### EXERCISE DIRECTIONS:
Return each line in the records below that includes "with".

*** Opening EXCERPTED RECORDS ***

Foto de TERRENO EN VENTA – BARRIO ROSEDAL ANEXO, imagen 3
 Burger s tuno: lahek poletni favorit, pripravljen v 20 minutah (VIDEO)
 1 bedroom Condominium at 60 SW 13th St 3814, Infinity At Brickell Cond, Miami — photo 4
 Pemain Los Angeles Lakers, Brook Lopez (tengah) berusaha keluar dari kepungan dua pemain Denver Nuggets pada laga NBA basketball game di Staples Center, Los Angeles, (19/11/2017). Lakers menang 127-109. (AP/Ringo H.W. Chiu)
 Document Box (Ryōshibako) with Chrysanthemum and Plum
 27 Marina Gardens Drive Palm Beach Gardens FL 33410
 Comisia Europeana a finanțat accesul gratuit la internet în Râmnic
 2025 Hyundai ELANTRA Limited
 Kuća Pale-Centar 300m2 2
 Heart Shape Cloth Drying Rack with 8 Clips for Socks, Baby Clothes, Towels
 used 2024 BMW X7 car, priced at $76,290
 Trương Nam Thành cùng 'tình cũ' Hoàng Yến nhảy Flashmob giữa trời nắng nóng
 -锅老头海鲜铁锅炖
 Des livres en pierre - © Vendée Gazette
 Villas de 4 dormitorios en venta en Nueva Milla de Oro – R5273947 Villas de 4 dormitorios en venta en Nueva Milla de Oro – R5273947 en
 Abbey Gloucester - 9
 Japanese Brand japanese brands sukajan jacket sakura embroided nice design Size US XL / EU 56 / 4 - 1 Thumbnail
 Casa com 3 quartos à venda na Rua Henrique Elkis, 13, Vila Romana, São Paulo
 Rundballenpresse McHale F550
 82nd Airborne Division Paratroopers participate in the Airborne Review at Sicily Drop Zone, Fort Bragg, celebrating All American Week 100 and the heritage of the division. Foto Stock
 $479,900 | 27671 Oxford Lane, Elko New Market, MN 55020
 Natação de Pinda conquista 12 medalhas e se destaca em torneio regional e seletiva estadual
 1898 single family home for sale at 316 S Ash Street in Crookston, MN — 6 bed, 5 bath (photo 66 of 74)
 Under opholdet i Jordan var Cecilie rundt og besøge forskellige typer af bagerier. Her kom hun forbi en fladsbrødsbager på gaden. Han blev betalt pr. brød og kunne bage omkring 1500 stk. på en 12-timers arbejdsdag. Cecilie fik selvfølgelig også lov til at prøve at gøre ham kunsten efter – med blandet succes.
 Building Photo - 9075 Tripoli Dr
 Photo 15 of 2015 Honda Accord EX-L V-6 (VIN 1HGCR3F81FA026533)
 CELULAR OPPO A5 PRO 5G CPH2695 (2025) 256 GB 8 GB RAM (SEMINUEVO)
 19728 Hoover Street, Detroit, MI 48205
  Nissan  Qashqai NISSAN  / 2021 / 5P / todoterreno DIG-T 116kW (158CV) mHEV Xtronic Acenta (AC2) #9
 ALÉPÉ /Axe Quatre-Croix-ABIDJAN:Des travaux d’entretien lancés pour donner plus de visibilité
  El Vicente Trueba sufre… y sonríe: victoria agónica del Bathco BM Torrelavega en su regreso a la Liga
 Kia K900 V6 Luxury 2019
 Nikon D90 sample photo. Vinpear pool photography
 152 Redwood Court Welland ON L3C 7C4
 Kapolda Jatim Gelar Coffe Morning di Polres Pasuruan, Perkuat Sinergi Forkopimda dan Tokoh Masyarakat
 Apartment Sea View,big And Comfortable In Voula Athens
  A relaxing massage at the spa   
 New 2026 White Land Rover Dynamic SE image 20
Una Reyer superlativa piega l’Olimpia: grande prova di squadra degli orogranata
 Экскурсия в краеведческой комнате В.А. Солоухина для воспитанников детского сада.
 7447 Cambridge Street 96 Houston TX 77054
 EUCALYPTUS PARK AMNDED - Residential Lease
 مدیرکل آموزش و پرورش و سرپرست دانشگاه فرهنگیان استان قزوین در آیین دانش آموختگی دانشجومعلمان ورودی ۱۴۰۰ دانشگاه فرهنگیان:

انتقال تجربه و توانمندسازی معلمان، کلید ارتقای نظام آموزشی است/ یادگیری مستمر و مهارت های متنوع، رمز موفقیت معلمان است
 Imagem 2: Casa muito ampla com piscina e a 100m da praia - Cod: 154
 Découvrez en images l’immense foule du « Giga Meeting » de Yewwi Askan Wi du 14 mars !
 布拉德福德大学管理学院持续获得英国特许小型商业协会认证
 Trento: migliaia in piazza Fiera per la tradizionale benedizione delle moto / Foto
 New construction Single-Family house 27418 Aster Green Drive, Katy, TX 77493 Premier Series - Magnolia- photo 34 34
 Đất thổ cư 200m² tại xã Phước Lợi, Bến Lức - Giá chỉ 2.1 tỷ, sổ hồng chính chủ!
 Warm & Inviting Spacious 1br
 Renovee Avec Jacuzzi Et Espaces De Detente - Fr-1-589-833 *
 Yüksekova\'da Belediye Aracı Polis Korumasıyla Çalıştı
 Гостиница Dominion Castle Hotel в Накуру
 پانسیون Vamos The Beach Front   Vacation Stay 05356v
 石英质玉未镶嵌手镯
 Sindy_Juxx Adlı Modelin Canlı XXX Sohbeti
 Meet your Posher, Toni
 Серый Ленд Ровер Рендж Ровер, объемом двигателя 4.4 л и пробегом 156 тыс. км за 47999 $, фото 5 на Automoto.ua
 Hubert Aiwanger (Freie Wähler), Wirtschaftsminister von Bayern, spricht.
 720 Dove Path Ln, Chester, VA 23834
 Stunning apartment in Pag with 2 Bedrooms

*** Closing EXCERPTED RECORDS ***

### RESULT OF THE TASK:
 Document Box (Ryōshibako) with Chrysanthemum and Plum
 Heart Shape Cloth Drying Rack with 8 Clips for Socks, Baby Clothes, Towels
 Stunning apartment in Pag with 2 Bedrooms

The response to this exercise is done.